日本が不幸せなのは
個人への寛容度が低いからだ
では、幸福にもっとも影響を与える要素は何か?
『幸福途上国ニッポン 新しい国に生まれかわるための提言』(アスペクト)の著者・目崎雅昭さんに聞くと、それは二つであった。
一つは「(個人の)社会への参画度」、そしてもう一つは「(社会の)個人への寛容度」である。
「社会参画度」については、例えば住民の地方自治への参画度合いが高いことなどが指標となる。スイスでは、地方自治が進んでいる州ほど住民の幸福度が高いことがわかっている。日本でも道州制の議論が上がっているが、それが国民の地方自治への参加に繋がるならば、幸福度に好影響を与えることになるだろう。
「個人寛容度」については、例えばLGBT(レズビアン・ゲイ・バイセクシャル・トランスジェンダー)と呼ばれる性的少数者を認めるかどうか? あるいは男女平等指数(例えば国会議員に占める女性比率)などがわかりやすい指標として挙げられる。ちなみに日本の男女平等指数は、134カ国中101位と低迷している。

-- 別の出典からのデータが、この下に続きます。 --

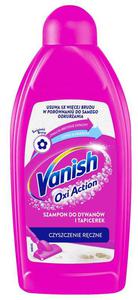 Vanish Clean & Fresh Pranie rczne Szampon do duych powierzchni dywanw 500ml - 2850791552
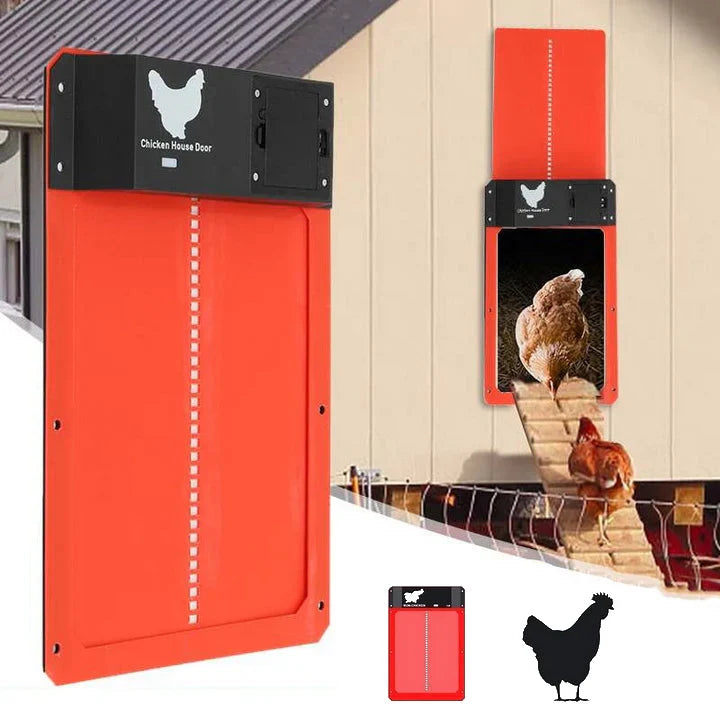 HenSafe – Automatic Chicken Coop Door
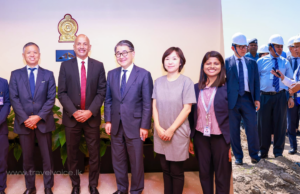 Senior Vice President of JICA Meets AASL Chairman to Discuss Phase II Airport Development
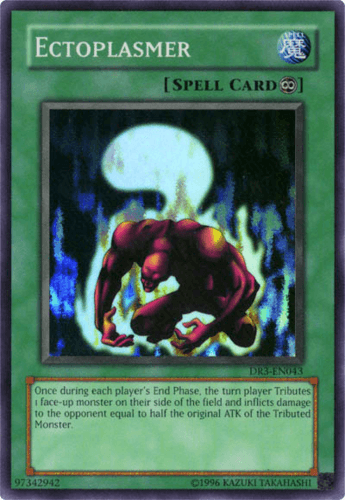 Ectoplasmer - DR3-EN043 Super Rare Unlimited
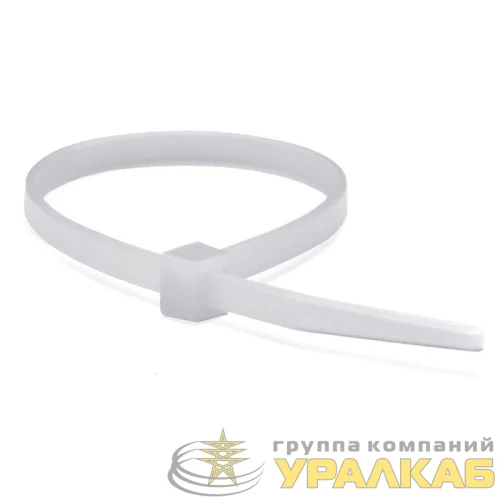 Хомут кабельный 4.8х200 полиамид бел. (уп.100шт) DKC 25215 детальная картинка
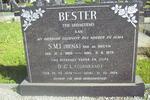 BESTER D.C.L. 1900-1994 & S.M.I. DE BRUYN 1909-1979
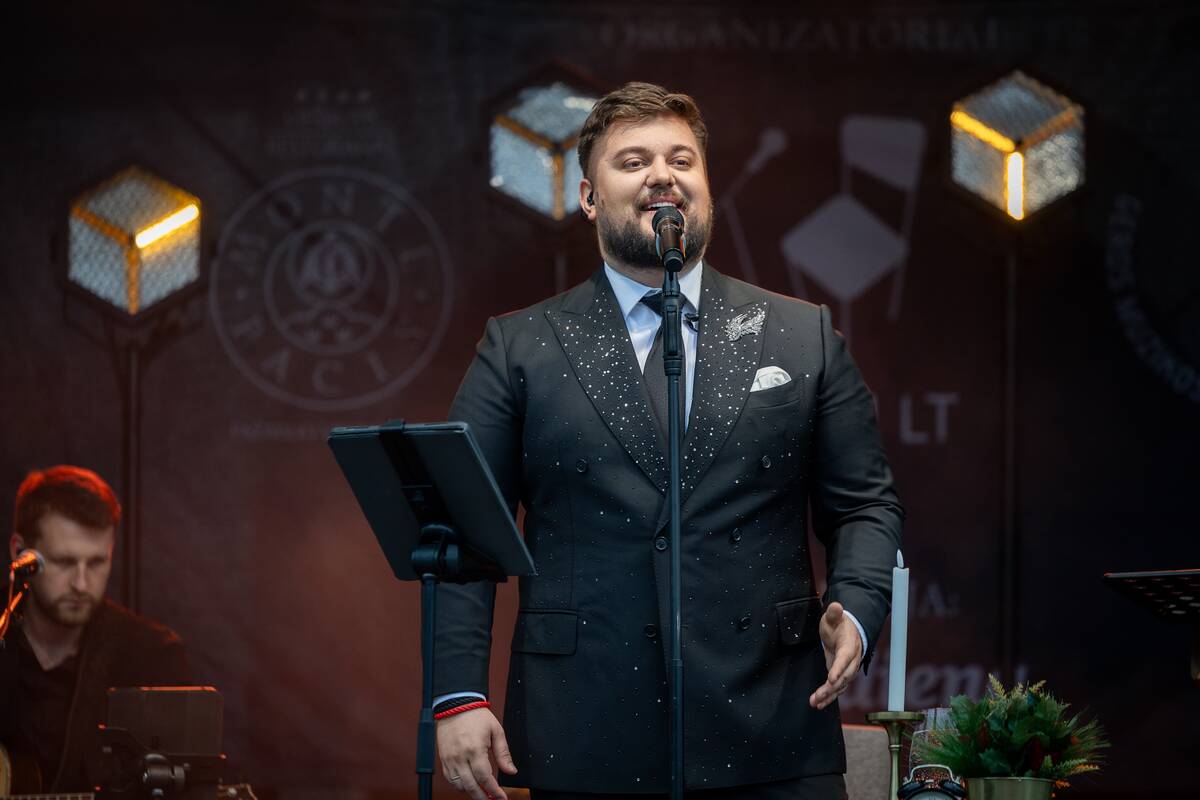 „Pažaislio liepų alėjos vakarai”: Dainotas Varnas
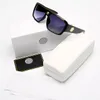 Fashion Ladi Square Sunglass Femmes Goggle Shad Vintage Head Logo Brand Digner surdimension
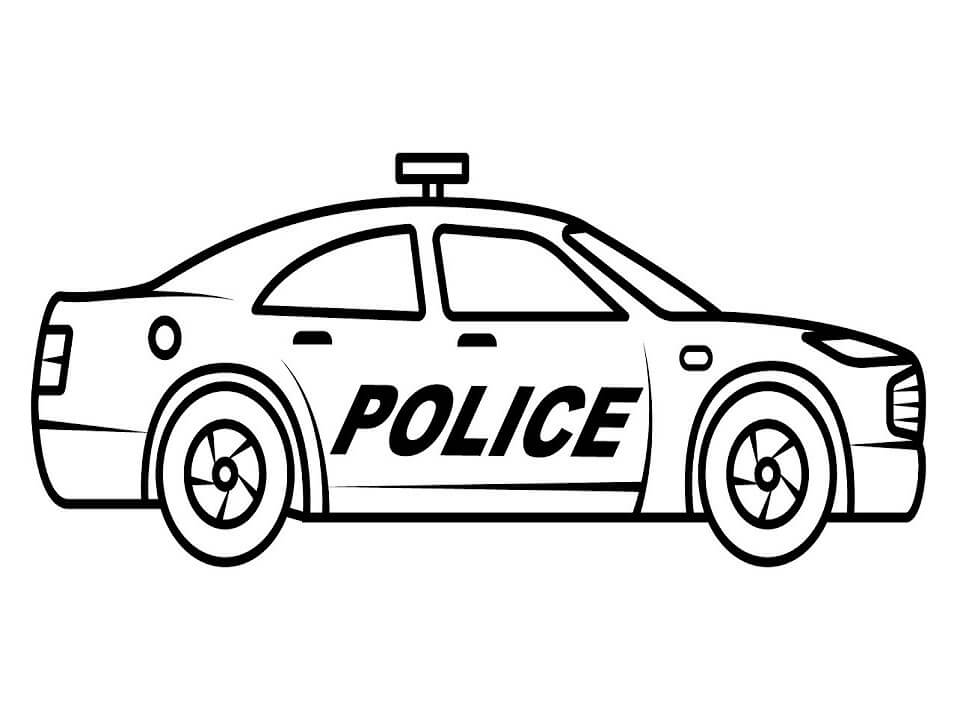 Desenho de Carros para imprimir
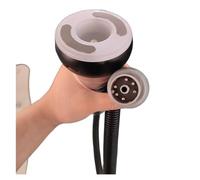 TUITA 40K Cavitation Big Middle Small RF Vacuum Radio Frequency Handle Pads For Replacement Beauty Machine Parts (Color : Vacuum handle)
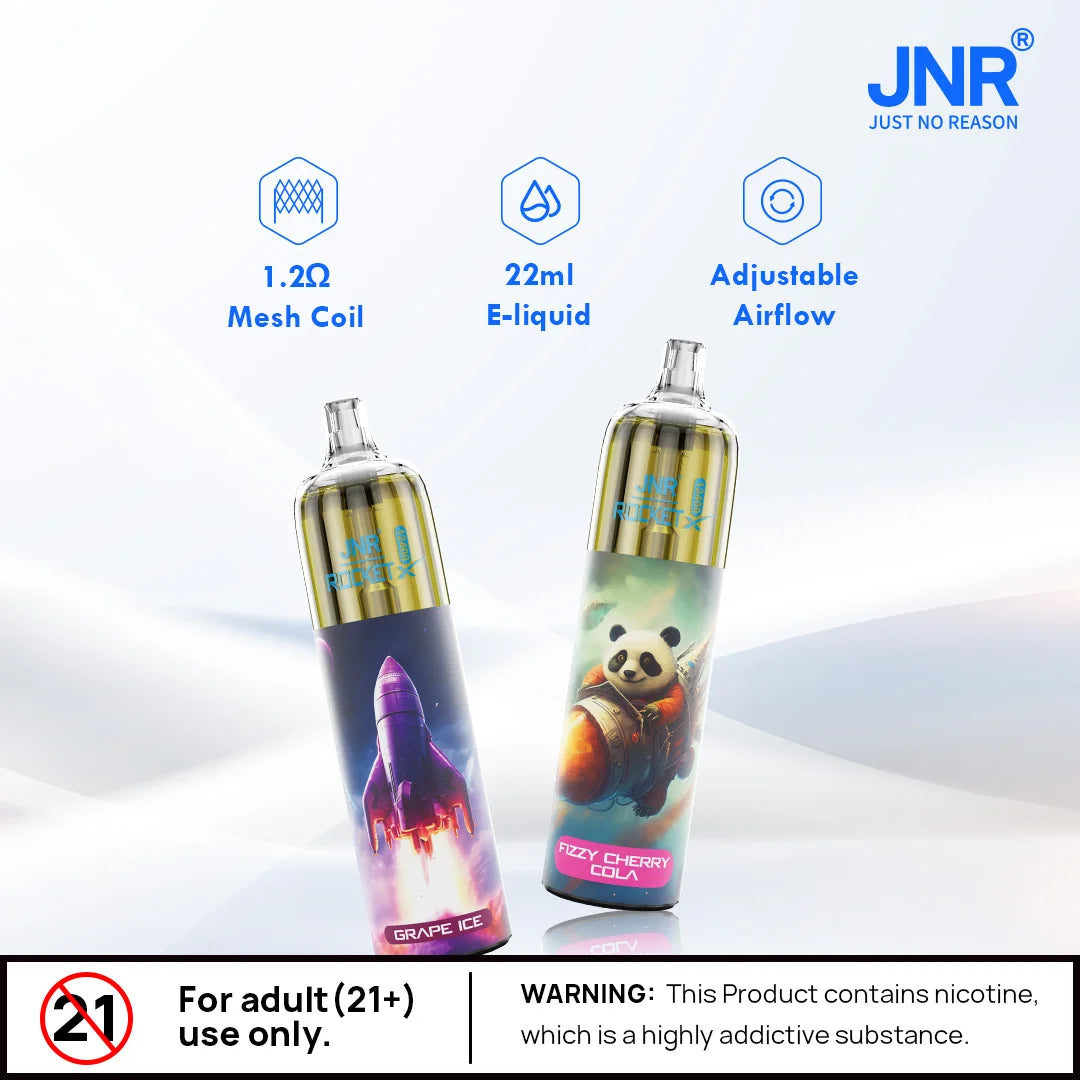 JNR Rocket X 12400 Caladas Vape Desechable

様々な指標や事象からみて、日本は個人の自由な生き方への寛容度が極めて低い国である。
この国は、閉塞的な集団主義の国である。
経済の成長にキャップをはめられた今、その抑圧感が一層激しくなっている。
僕は現在、いわゆる「浪人」の身分だが、浪人がこの社会で感じる窮屈さは極めて大きい。僕が定期的に海外に出るのは、その目に見えない抑圧感から逃れるためだ。
そうした抑圧感はどこから来るものか?
それは壊れつつある産業オペレーションからだと思う。
日本は主に、輸出製造業で「生計」を立ててきた。国民の多くは、何らかの形でこれらの産業に関わる「労働者」だった。一貫した産業のオペレーションが主役で、個人はそれを動かす要素だった。しかし今、産業構造や世界の情勢が変わり、オペレーションが富を産み出さなくなり、集団主義的な抑圧構造だけが残った。